À la suite des élections, le Président Ben Ali, relayé par les médias locaux, a accusé une « minorité infime » de Tunisiens de trahison et d’assistance aux journalistes étrangers dans le but de laisser planer le doute sur le résultat des élections, à l’issue desquelles le parti au pouvoir a conservé une large majorité.
Votre Ministère a exprimé le 6 novembre son inquiétude face à la situation à laquelle sont confrontés journalistes indépendants et défenseurs des Droits de l’homme en Tunisie.
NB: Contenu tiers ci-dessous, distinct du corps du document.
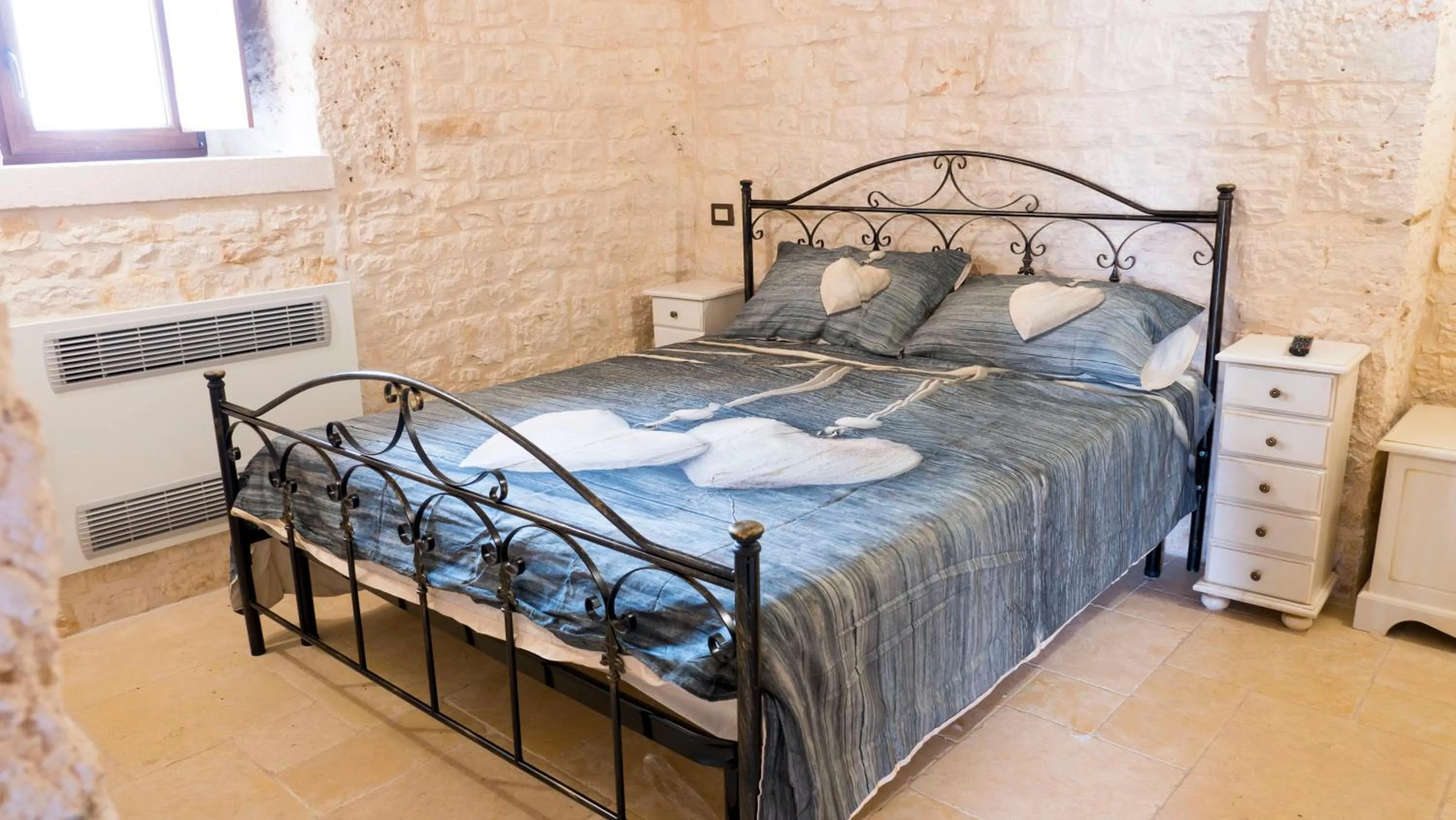 Bedroom, Bed in B&b I Trulli dei Desideri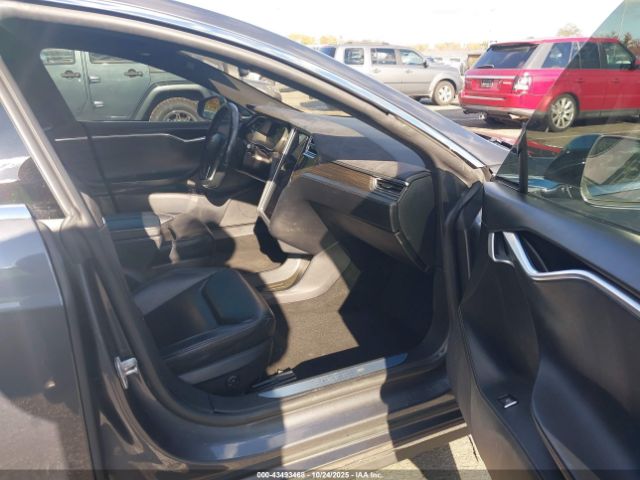 2016 TESLA MODEL S 5YJSA1E26GF131743 Photo 4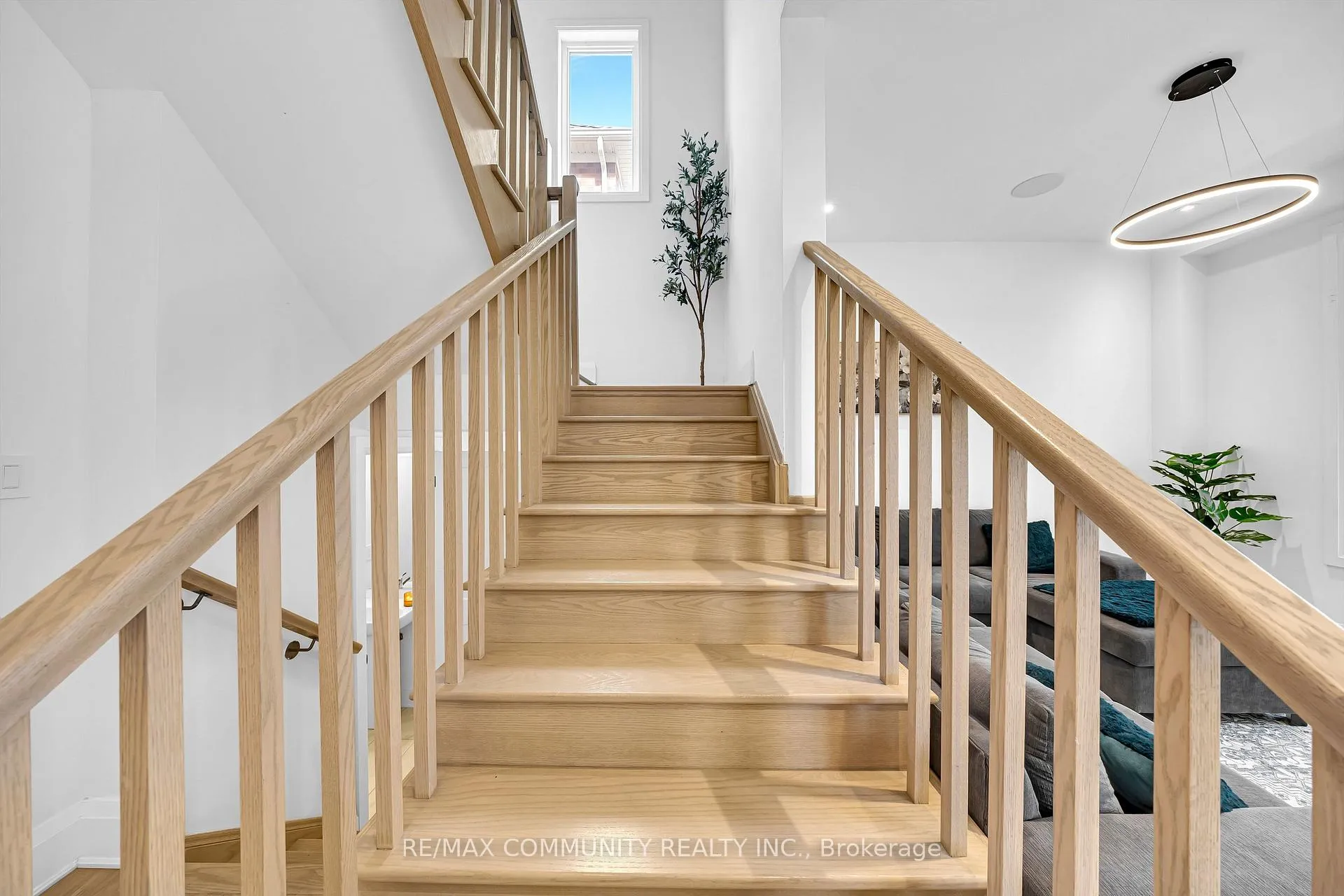Photo 6 of 1567 Scarlett Trail E, Pickering, Rural Pickering — HOMEH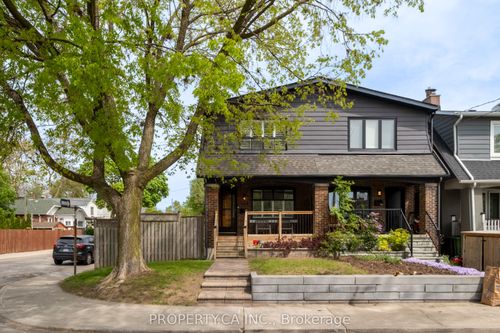 124 Milverton Boulevard, East York, ON, M4J1V1 | Card Image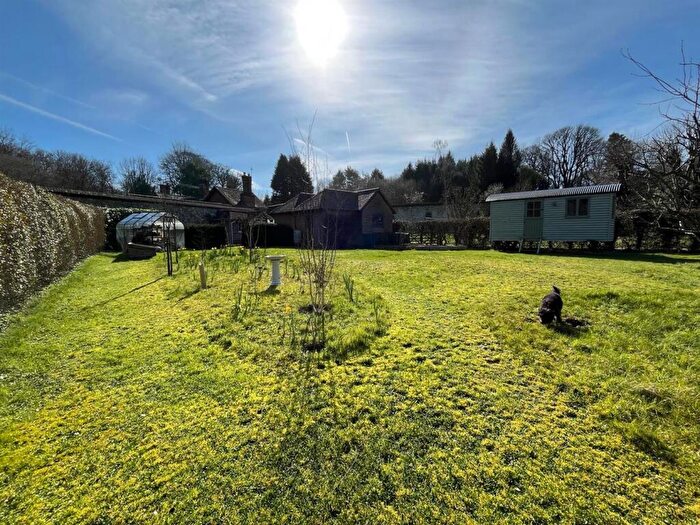 4 Bedroom Semi Detached House For Sale In West Lodge, Bordean, Petersfield, GU32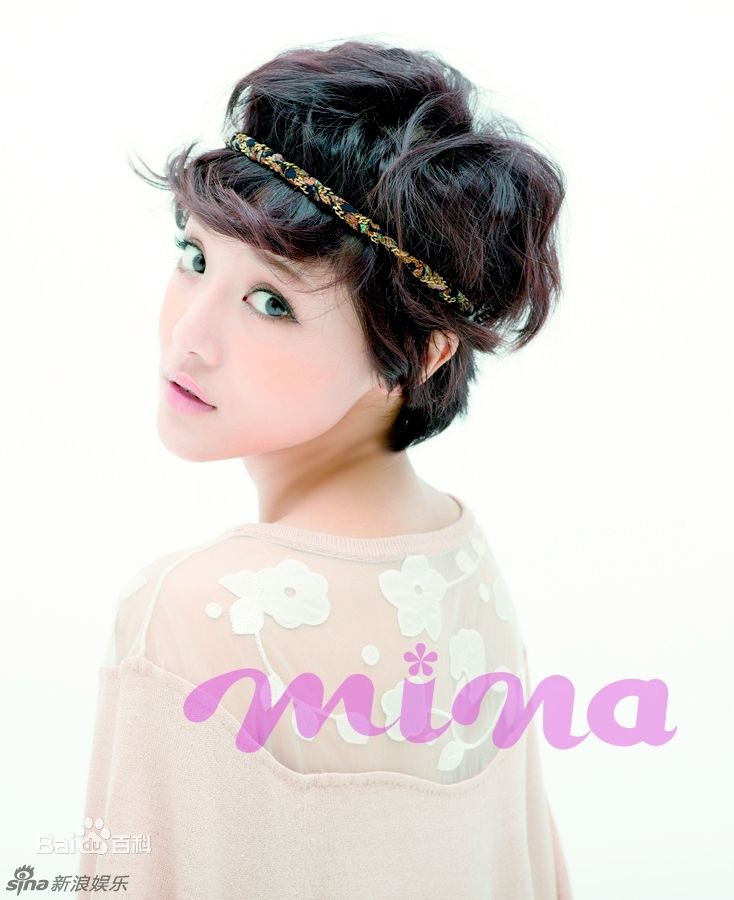 最新邓家佳(Deng Jiajia)精彩图册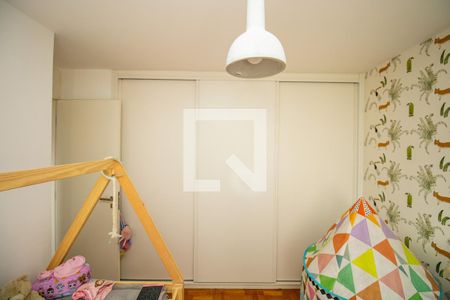 Apartamento à venda com 166m², 4 quartos e 2 vagas Apartamento à venda com 166m², 4 quartos e 2 vagasQuarto 2, armário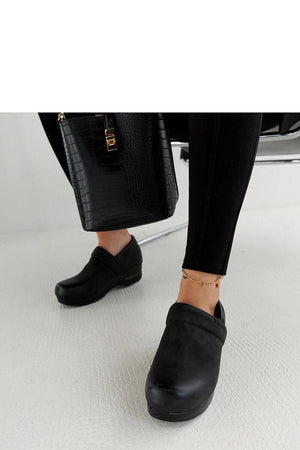 Half shoes model 206480 Solea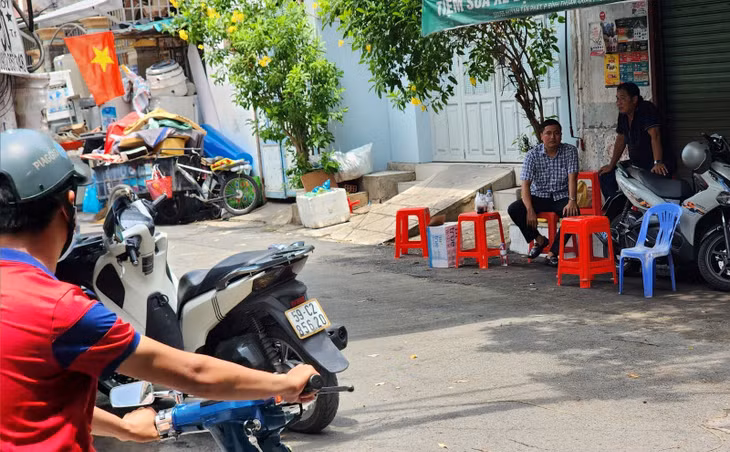 Hẻm 502 đường Huỳnh Tấn Phát, phường Bình Thuận, quận 7, nơi xảy ra vụ việc.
Il nous semble effectivement impératif, Monsieur le Ministre, que le gouvernement français ne sous-estime pas la gravité des violations des Droits de l’homme en Tunisie et qu’il adopte et promeuve une politique en accord avec les valeurs de la République, en invitant les autorités tunisiennes, notamment, à respecter leurs engagements internationaux dans le domaine des Droits de l’homme, particulièrement ceux pris en faveur de la liberté d’expression et de la presse.
Nous sollicitons par la présente l’opportunité de vous rencontrer à la date qui vous conviendra.
Nous nous tenons à votre disposition et nous vous prions d’agréer, Monsieur le Ministre, l’expression de notre haute considération,
Timothy Balding
Joint CEO
Association Mondiale des Journaux et des Éditeurs de Médias d’Information
Rohan Jayasekera
Président du Groupe d’observation de la Tunisie
Échange international de la liberté d’expression
Les membres du TMG de l’IFEX:
ARTICLE 19, Royaume-Uni
Association Mondiale des Journaux et des Éditeurs de Médias d’Information (WAN-IFRA), France
Association mondiale des radiodiffuseurs communautaires (AMARC), Canada
Bahrain Center for Human Rights, Bahreïn
Cairo Institute for Human Rights Studies, Égypte
Cartoonists Rights Network International (CRNI), États-Unis
Centre PEN norvégien, Norvège
Comité des écrivains en prison de PEN International (WiPC), Royaume-Uni
Fédération internationale des associations et institutions de bibliothèques (IFLA), Pays-Bas
Fédération internationale des journalistes (FIJ), Belgique
Fondation Maharat, Liban
Index on Censorship, Royaume-Uni
Institut international de la presse (IIP), Autriche
Journaliste en danger (JED), République démocratique du Congo
Journalistes canadiens pour la liberté d’expression (CJFE), Canada
Media Institute of Southern Africa (MISA), Namibie
Organisation égyptienne pour les droits de l’Homme (EOHR), Égypte
Réseau d’information arabe des droits de l’Homme (ANHRI), Égypte
Union internationale des éditeurs (UIE), Suisse
Le Groupe d’observation de la Tunisie (TMG) est une coalition formée de 20 organisations membres du réseau de l’Échange international de la liberté d’expression (IFEX). L’IFEX-TMG surveille les atteintes à la liberté d’expression qui se produisent en Tunisie pour attirer l’attention sur le grand besoin qu’a ce pays d’améliorer son dossier en matière de violations des droits de la personne.